UL releases its new flagship benchmark

Steel Nomad takes the place of Time Spy as UL’s premier non-ray-traced benchmark.

Robert Dow

Steel Nomad is a new benchmarking tool that pushes GPUs to their limits, especially entry-level and midrange graphics AIBs. It features cutting-edge technologies like procedural grass and volumetric skies and runs at 4K resolution. The benchmark is set in a futuristic desert spaceport and follows a humanoid bot protagonist, providing a visually stunning test for GPUs. Steel Nomad is a welcome addition to the benchmarking suite from Underwriters Laboratories (UL), offering a modern update to the 2016 Time Spy UL benchmark.

Steel nomad
(Source: UL)

What do we think? Steel Nomad is a welcome addition to our benchmarking suite. Time Spy, UL’s other top non-ray-traced benchmark was launched in 2016, hence an update utilizing new rendering technologies and methods was in order. In addition to giving the graphics AIBs a thorough test, the benchmark itself is beautiful to watch.

Move over, Time Spy, there’s a new non-ray-traced benchmark in town

At JPR, we compared the performance of multiple graphics AIBs using UL’s new Steel Nomadbenchmark.

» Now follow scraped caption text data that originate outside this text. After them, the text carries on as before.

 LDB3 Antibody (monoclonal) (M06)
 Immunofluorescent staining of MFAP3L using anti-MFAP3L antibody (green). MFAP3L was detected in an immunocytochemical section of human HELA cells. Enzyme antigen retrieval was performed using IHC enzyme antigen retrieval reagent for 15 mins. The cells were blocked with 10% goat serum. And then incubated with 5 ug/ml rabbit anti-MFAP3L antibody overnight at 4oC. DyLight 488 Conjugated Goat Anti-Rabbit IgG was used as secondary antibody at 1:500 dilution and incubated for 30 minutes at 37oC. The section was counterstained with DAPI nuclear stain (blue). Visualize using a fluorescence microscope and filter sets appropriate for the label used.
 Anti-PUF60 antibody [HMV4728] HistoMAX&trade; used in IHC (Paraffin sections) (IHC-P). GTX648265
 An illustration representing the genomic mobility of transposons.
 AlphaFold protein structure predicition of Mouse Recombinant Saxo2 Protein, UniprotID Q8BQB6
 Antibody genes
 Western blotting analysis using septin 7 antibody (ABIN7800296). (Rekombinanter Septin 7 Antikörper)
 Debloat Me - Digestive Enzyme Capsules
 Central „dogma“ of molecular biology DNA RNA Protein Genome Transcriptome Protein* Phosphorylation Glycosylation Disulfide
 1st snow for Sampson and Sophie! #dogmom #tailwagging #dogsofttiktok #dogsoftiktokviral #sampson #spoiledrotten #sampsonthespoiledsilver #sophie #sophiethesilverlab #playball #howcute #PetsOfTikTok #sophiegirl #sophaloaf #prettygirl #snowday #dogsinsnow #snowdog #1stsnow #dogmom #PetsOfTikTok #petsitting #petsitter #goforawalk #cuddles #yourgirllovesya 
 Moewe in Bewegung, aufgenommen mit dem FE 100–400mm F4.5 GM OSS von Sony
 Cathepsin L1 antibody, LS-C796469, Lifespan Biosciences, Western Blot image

UL’s Steel Nomad is set in a futuristic, gritty desert spaceport where we follow our humanoid bot protagonist through the sun-scorched city. The desert setting provides dust, vast skies full of clouds, along with holograms and detailed architecture—everything a benchmark needs to put the GPUs to the test.

Steel nomad
(Source: UL)

In order to demonstrate how the new benchmark and its stressors relate to the previous generation, we tested nine graphics AIBs over various segments against Steel Nomad and its predecessor, Time Spy Extreme.

Test Bed:

  • CPU: 3.00 gigahertz Intel 13th Gen Core i9-13900K
  • Samsung SSD 960 PRO 512GB [Hard drive] (512.11 GB)
  • RAM: 32MB Corsair Vengeance
  • OS: Windows 11 Pro – 10.0.22621 Build: 22621
  • RAM: DDR 4 3600
  • Display: LG 27UD69P 4K

Steel Nomad includes the option of DirectX 12 and Vulkan, which we tested using both APIs.

Comparison FPS
Average frame rate for graphics AIBs utilizing DirectX 12 on Steel Nomad.
Comparison FPS
Average frame rate for graphics AIBs utilizing Vulkan on Steel Nomad.

Nvidia graphics AIBs performed marginally better when using the Vulkan API, while AMD’s AIBs remained even on both APIs. Intel Arc AIBs had slightly better performance when running on DirectX 12.

Comparison FPS
Average frame rate for graphics AIBs running Time Spy Extreme.

When running Time Spy Extreme, all of the graphics AIBs showed significantly higher frame rates, which is to be expected considering that the test is about to enter its eighth year of use.

Comparison FPS
Percentage difference in FPS for Steel Nomad vs. Time Spy Extreme.

When comparing Steel Nomad to Time Spy Extreme, the average frame rate of the graphics add-in boards was -25% lower on the new test. UL’s goal of developing a brand-new, non-ray-traced benchmark that will tax contemporary GPUs has been successful.

Along with Steel Nomad, UL introduced Steel Nomad Light, which is a cross-platform benchmark for lightweight PCs.

UL’s goal of developing a brand-new, non-ray-traced benchmark that will tax contemporary GPUs has been successful.
Steel nomad
Steel Nomad Light. (Source: UL)

Using cutting-edge advancements like procedural grass and volumetric skies, along with established technologies like ambient occlusion, depth of field, and volume illumination, Steel Nomad puts a lot of stress on GPUs, particularly those AIBs in the entry-level and midrange segments. Steel Nomad runs at 4K resolution.

Steel Nomad Light reduces the resolution to 1440p and eliminates or lessens the most complex graphical techniques found in the program, making it more suitable for devices that are lightweight and portable.